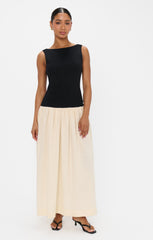 Luisa Maxi Dress ~ Black and Cream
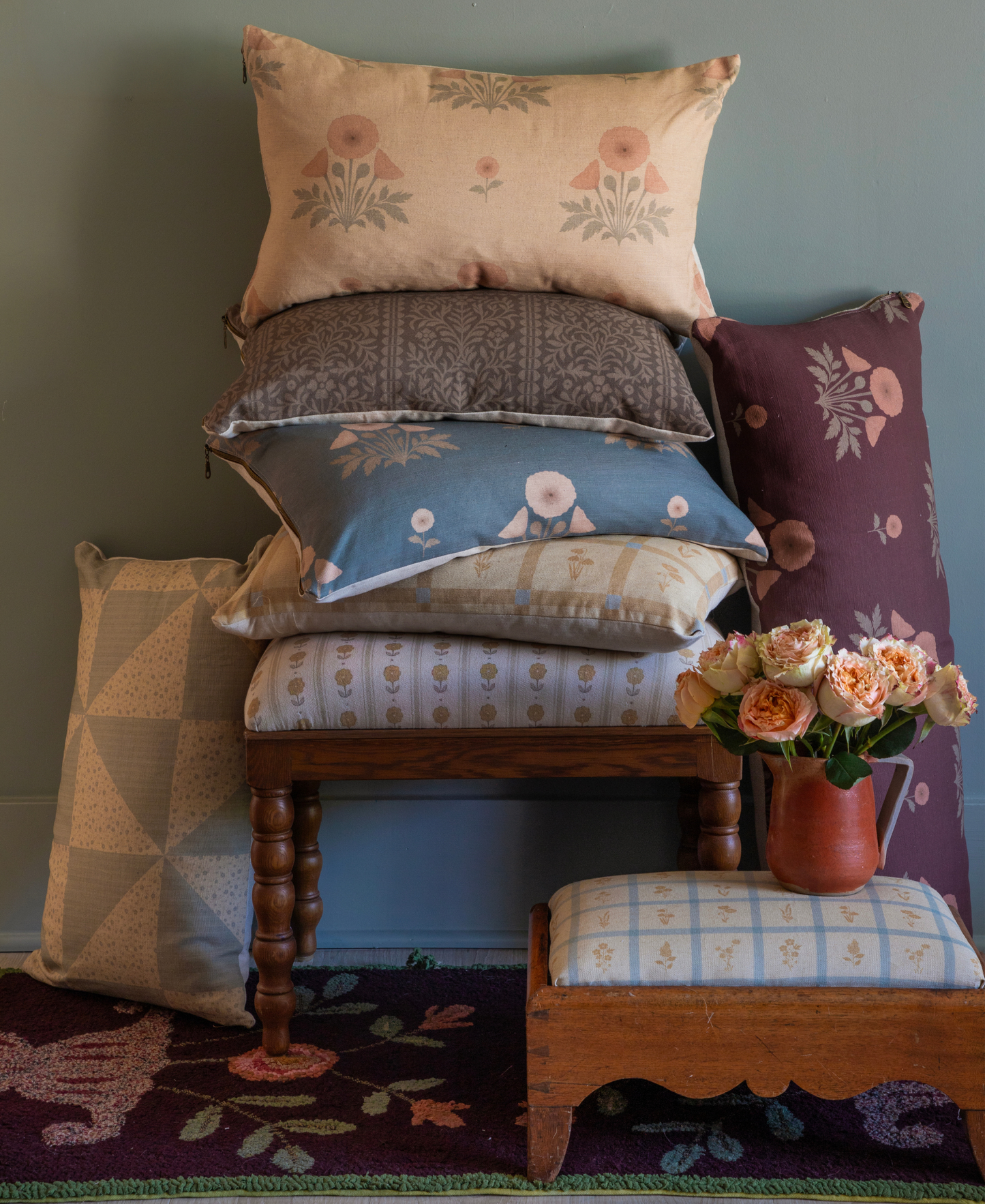Blooming Poppies | Blue & Red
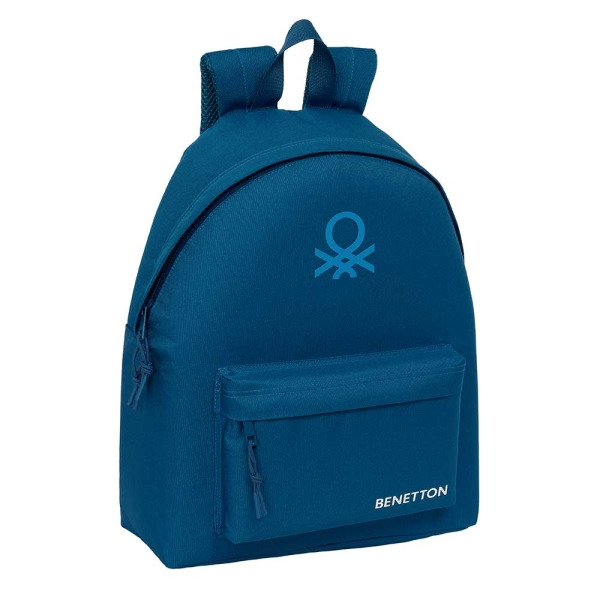 Safta Benetton Basics Marino Mochila - Bolsillo Frontal - Hombreras Acolchadas - Doble Tirador en Cremallera - Asa Superior de T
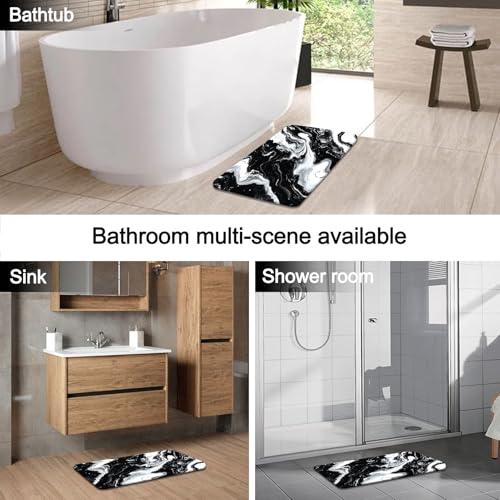 Lnond 4Pcs Marble Bathroom Sets with Shower Curtain and Rugs, Black Marble Modern Art Bathroom Shower Curtain Sets with Rugs and Accessories - color: Black Marble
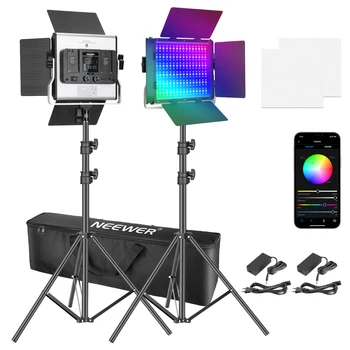 Neewer RGB LED Video Light with App Control, Video Lighting Kit with CRI 97+ for Zoom, YouTube, Webex, Broadcasting Photography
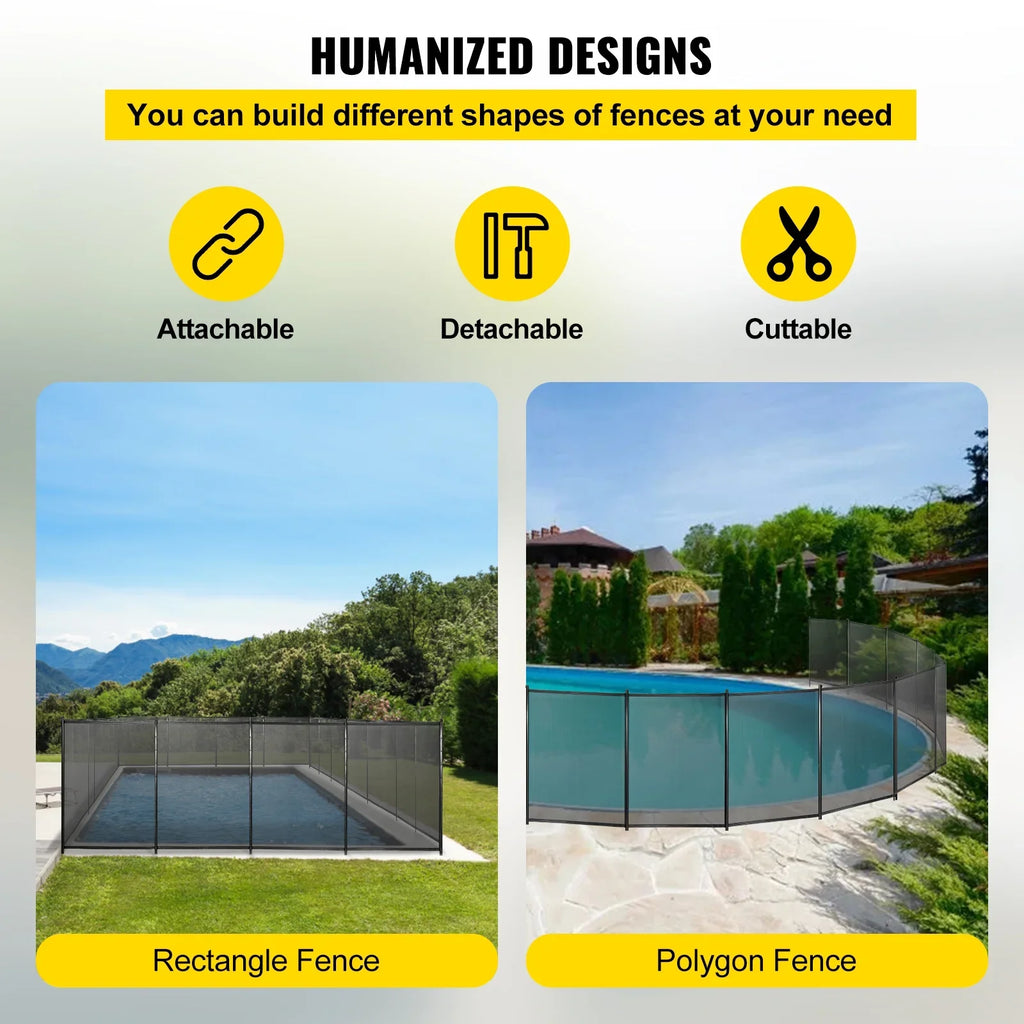 Security ft Swimming Pools Foot Pool and Inground 4 Fabric SKYSHALO Fencing Fences Fence, Pool Poles for Pool Privacy 1000D PVC x Removable Tubes, and 12 Aluminum Breathable with for Pool Fence Mesh,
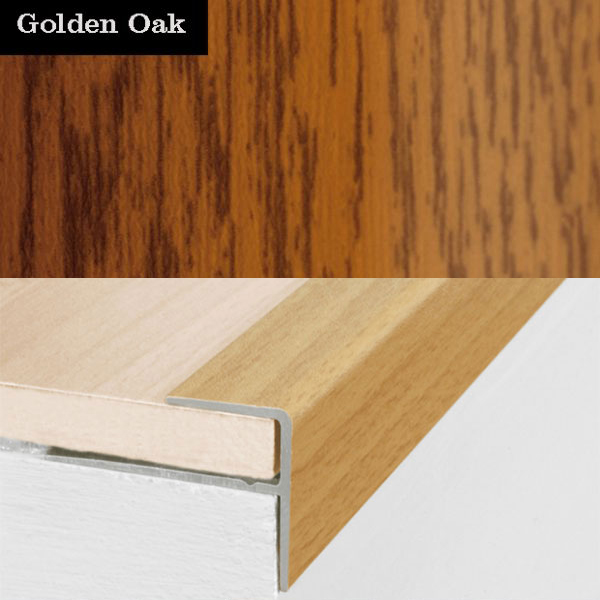 15mm x 22mm Aluminium Push-In Wood Effect Stair Nosing Edge Trim 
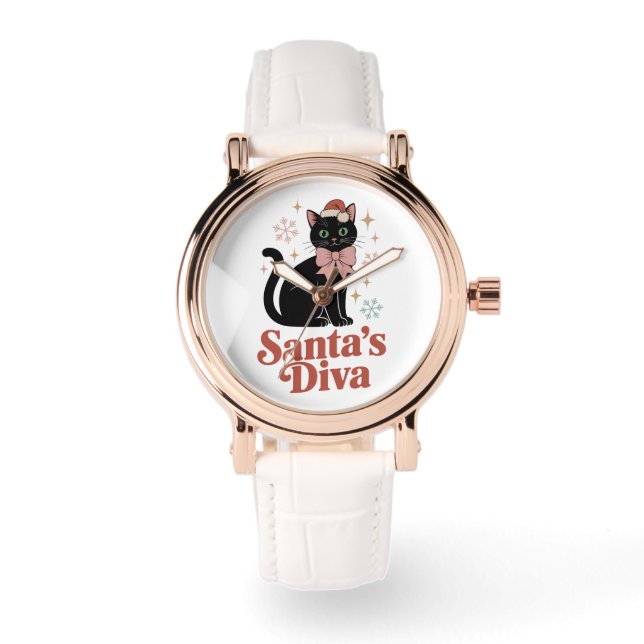 Montre Santa’s Diva Cute Christmas Cat for Her (Recto)
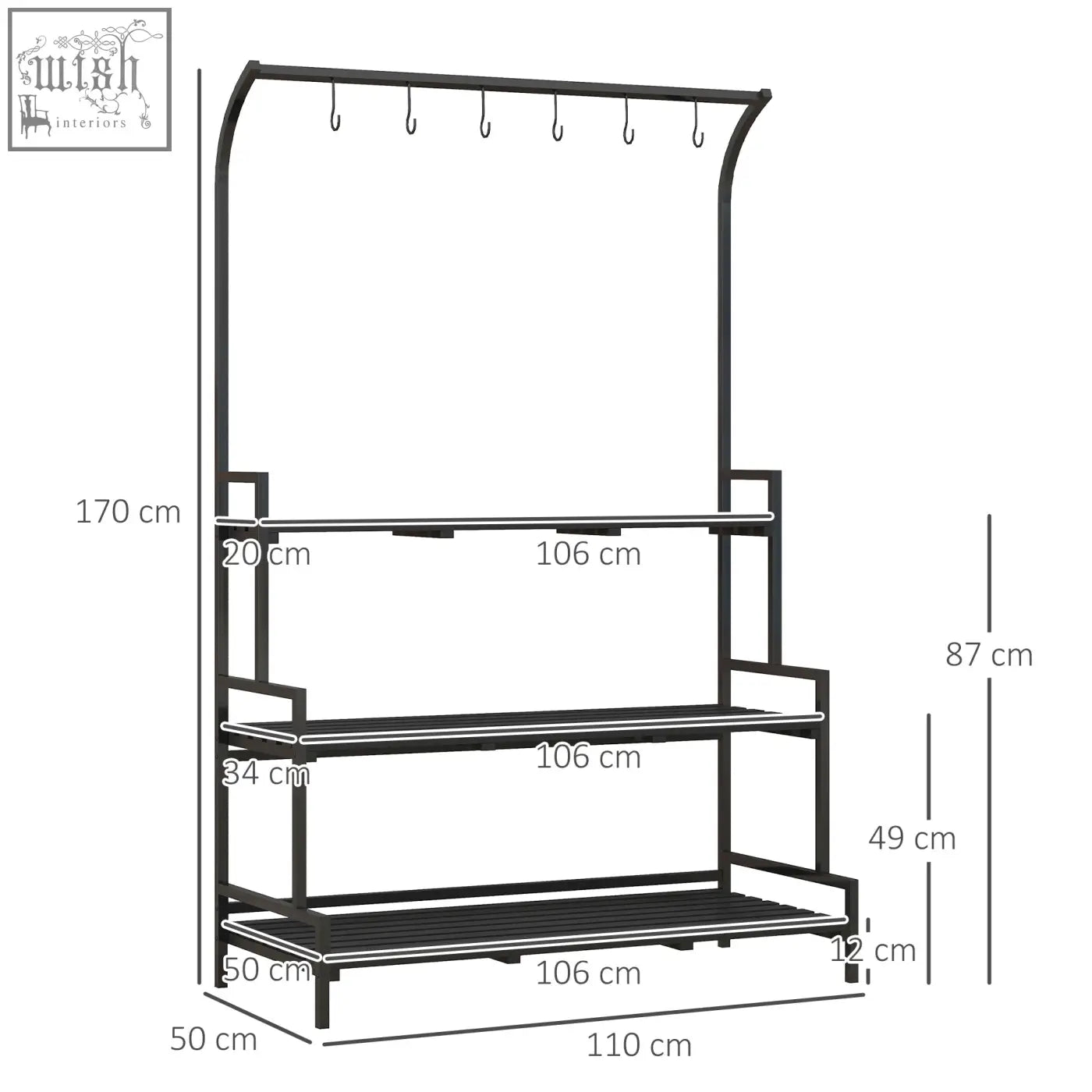 Black metal plant stand with steel frame three shelves tiered plant rack and hanging hooks for indoor outdoor use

-.-.-

Please make an exact copy of the whole listing and leave out its pictures.

- **Your solution**
 Luisa Maxi Dress ~ Black and Cream
Blooming Poppies | Blue & Red
 Safta Benetton Basics Marino Mochila - Bolsillo Frontal - Hombreras Acolchadas - Doble Tirador en Cremallera - Asa Superior de T
 Lnond 4Pcs Marble Bathroom Sets with Shower Curtain and Rugs, Black Marble Modern Art Bathroom Shower Curtain Sets with Rugs and Accessories - color: Black Marble
 Neewer RGB LED Video Light with App Control, Video Lighting Kit with CRI 97+ for Zoom, YouTube, Webex, Broadcasting Photography
 Security ft Swimming Pools Foot Pool and Inground 4 Fabric SKYSHALO Fencing Fences Fence, Pool Poles for Pool Privacy 1000D PVC x Removable Tubes, and 12 Aluminum Breathable with for Pool Fence Mesh,
 15mm x 22mm Aluminium Push-In Wood Effect Stair Nosing Edge Trim 
 Montre Santa’s Diva Cute Christmas Cat for Her (Recto)
 Black metal plant stand with steel frame three shelves tiered plant rack and hanging hooks for indoor outdoor use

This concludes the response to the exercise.